Dans les colonnes du quotidien Les Echos du 19 juin puis dans l’émission « les 4 vérités » de la matinale de France Télévision du 20 juin, Bruno LE MAIRE, ministre de l’Économie, des Finances et de la Souveraineté industrielle et numérique, sous couvert de financement de la transition écologique, a affirmé sa volonté de revenir sur la fiscalité des carburants pour plusieurs secteurs d’activité dont le transport routier. Le ministre a indiqué que de telles orientations avaient été actées à la suite de rencontres « avec les fédérations du secteur des transports routiers » qui « sont prêtes à s’engager dans cette démarche en vue du prochain projet de loi de finances ».
La FNTR, l’OTRE et l’Union TLF contestent ces déclarations laissant entendre qu’elles auraient acté ou accepté une hausse de la fiscalité des carburants.
Les pouvoirs publics ont loué le « rôle essentiel » du secteur du transport routier de marchandises durant la crise du Covid et lors des différents mouvements de grève.
Les professionnels du secteur ont été frappés de plein fouet par la crise des carburants, survenue au lendemain du déclenchement du conflit russo-ukrainien.
Dans ce contexte, et contrairement à nombre de voisins européens, notamment les transporteurs espagnols, les entreprises françaises n’ont pas obtenu la prolongation des aides au-delà du 31 décembre 2022, ni à la pompe, ni par véhicules.
Aussi, après six ans de contraintes accrues (Zones à Faibles Émissions, interdiction de commercialisation de véhicules Diesel, …), La FNTR, l’OTRE et l’Union TLF s’étonnent des décisions en préparation pour le prochain projet de loi de finances pour 2024.
En effet, les dernières prises de parole gouvernementales concordent non seulement vers un rabot de l’ex-TICPE (désormais fraction perçue en métropole sur les produits énergétiques, autres que les gaz naturels et les charbons), mais également un renforcement généralisé de la fiscalité, tant locale que nationale, pesant sur le secteur.

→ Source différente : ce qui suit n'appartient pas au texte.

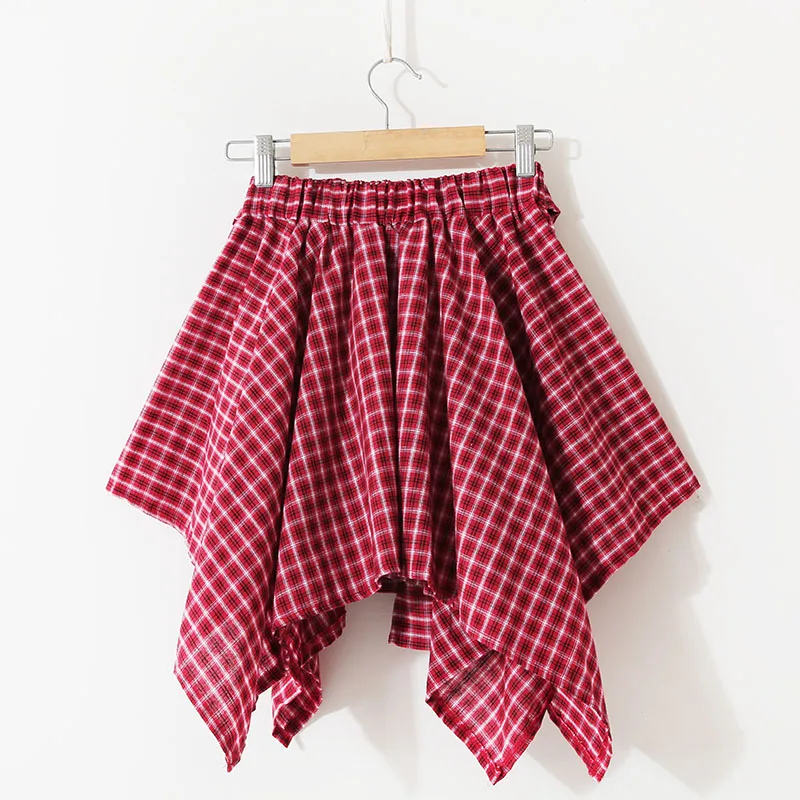 7 видов цветов Женская летняя футболка с высокой талией|Женские юбки| |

- La fin du remboursement partiel de l’ex-TICPE a certes été actée dans la loi Climat et Résilience, mais cette dernière dispose qu’une telle mesure est conditionnée à « la disponibilité de l’offre de véhicules et de réseaux d’avitaillement permettant le renouvellement du parc de poids lourds. Cette évolution s’accompagne d’un soutien renforcé à la transition énergétique du secteur du transport routier, notamment par le recours aux biocarburants dont le bilan énergétique et carbone est vertueux ». Cela n’est pas le cas, comme le démontrent les travaux de la feuille de route pour la décarbonation du transport routier qui confirment qu’une offre dense reposant sur un mix énergétique décarboné ne sera accessible au mieux qu’à partir de 2030 et que, faute d’une offre alternative fiable notamment en raison d’un réseau de distribution adapté à la mobilité lourde non planifié, les véhicules lourds diesel constitueront encore une partie non négligeable de la flotte d’ici 2040.
- Après les épisodes qu’a dû surmonter la filière et à l’heure où des aides pour le financement de la transition des flottes, qui requière des investissements importants, sont attendues il semble anachronique d’envisager simultanément un verdissement « progressif » de la fiscalité qui encouragerait la transition du secteur tout en y associant une fiscalité punitive ciblant les « tarifs réduits d’accises sur les transports routiers». Une telle mesure risquerait, en outre, de mettre en péril la compétitivité du pavillon français et de creuser les distorsions de concurrence avec les entreprises étrangères opérant sur le réseau routier français sans y consommer la moindre goutte de carburant.
- Les travaux de la feuille de route de décarbonation ont évalué le surcoût d’investissements pour atteindre les objectifs de trajectoire de la SNBC3 pour l’acquisition des véhicules et le développement du réseau d’avitaillement à 52,6 Md€ alors que la suppression du remboursement partiel de la TICPE est évaluée à 1,8 Md€. Les gains ainsi obtenus apparaissent marginaux au regard des besoins en financement de la transition énergétique alors que le rabot de cette ristourne aura une incidence forte sur l’équilibre financier des entreprises du secteur, fortement fragilisées depuis 2020.
Pour ces raisons et afin de ne pas affaiblir encore le secteur du transport routier, la FNTR, l’OTRE et l’Union TLF demandent solennellement à être reçus par Bruno LE MAIRE ou ses équipes, dans les meilleurs délais afin d’évoquer les perspectives d’évolution de la fiscalité s’appliquant à notre secteur.